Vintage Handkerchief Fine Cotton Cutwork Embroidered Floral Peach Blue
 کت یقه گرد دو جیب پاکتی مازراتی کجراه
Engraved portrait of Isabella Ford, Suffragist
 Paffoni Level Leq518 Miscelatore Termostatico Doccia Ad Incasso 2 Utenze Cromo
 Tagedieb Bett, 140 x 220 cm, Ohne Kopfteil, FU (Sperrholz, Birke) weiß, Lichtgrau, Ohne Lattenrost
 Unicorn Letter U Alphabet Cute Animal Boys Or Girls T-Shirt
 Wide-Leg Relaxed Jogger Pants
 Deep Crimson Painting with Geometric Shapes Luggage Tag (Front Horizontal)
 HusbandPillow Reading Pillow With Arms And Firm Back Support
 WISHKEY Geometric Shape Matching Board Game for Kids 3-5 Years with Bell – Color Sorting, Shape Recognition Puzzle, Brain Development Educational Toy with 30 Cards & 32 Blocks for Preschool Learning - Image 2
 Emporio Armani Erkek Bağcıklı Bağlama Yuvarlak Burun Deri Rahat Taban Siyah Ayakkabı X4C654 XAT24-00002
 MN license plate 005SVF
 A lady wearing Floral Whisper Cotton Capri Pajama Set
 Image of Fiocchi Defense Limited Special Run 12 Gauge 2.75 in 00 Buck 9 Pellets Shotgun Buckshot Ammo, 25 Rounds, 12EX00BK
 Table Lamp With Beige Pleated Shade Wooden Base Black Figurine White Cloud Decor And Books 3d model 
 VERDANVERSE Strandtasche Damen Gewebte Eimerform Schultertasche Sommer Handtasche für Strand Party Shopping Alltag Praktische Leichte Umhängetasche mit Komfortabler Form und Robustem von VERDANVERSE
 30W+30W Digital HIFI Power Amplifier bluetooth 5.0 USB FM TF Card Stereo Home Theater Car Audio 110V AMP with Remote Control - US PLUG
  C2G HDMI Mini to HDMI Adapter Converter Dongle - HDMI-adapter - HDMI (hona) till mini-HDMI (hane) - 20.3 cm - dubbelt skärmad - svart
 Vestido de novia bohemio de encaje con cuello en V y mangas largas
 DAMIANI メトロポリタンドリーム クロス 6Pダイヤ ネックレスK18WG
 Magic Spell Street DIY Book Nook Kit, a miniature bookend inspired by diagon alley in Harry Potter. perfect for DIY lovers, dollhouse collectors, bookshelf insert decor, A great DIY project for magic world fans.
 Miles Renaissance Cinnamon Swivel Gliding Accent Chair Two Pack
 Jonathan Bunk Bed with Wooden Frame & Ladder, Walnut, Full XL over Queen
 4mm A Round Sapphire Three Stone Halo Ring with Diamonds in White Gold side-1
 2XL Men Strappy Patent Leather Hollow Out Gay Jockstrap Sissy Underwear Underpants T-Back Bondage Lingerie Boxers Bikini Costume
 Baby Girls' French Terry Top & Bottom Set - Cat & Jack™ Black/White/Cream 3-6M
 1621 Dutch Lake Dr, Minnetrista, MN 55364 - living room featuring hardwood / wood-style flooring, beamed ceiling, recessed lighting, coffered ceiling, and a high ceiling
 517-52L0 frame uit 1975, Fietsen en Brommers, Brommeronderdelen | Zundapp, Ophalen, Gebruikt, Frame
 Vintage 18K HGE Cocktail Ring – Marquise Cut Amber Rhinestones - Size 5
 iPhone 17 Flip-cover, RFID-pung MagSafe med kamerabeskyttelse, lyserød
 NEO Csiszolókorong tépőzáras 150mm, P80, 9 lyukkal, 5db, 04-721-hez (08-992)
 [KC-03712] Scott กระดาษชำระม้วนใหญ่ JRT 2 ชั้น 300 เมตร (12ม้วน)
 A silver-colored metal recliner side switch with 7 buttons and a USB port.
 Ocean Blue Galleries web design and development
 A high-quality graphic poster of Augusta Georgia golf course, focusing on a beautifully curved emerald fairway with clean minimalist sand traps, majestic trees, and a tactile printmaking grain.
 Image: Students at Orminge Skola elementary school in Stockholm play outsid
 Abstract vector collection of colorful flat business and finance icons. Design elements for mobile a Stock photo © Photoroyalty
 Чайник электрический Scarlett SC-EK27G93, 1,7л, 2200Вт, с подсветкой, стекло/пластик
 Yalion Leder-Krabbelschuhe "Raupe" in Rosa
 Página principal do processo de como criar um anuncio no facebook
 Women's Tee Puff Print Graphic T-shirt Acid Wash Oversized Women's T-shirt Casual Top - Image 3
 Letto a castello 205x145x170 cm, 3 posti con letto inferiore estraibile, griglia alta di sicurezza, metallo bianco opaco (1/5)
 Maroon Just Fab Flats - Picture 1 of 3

● ● ● ● ● ● ●

▶ WHAT YOU SHOULD DO
All lines from the first line of the listing above through the line containing "Wide-Leg Relaxed Jogger Pants" are to be retyped exactly. Leave out any other line.

▶ ANSWER BOX
Vintage Handkerchief Fine Cotton Cutwork Embroidered Floral Peach Blue
 کت یقه گرد دو جیب پاکتی مازراتی کجراه
Engraved portrait of Isabella Ford, Suffragist
 Paffoni Level Leq518 Miscelatore Termostatico Doccia Ad Incasso 2 Utenze Cromo
 Tagedieb Bett, 140 x 220 cm, Ohne Kopfteil, FU (Sperrholz, Birke) weiß, Lichtgrau, Ohne Lattenrost
 Unicorn Letter U Alphabet Cute Animal Boys Or Girls T-Shirt
 Wide-Leg Relaxed Jogger Pants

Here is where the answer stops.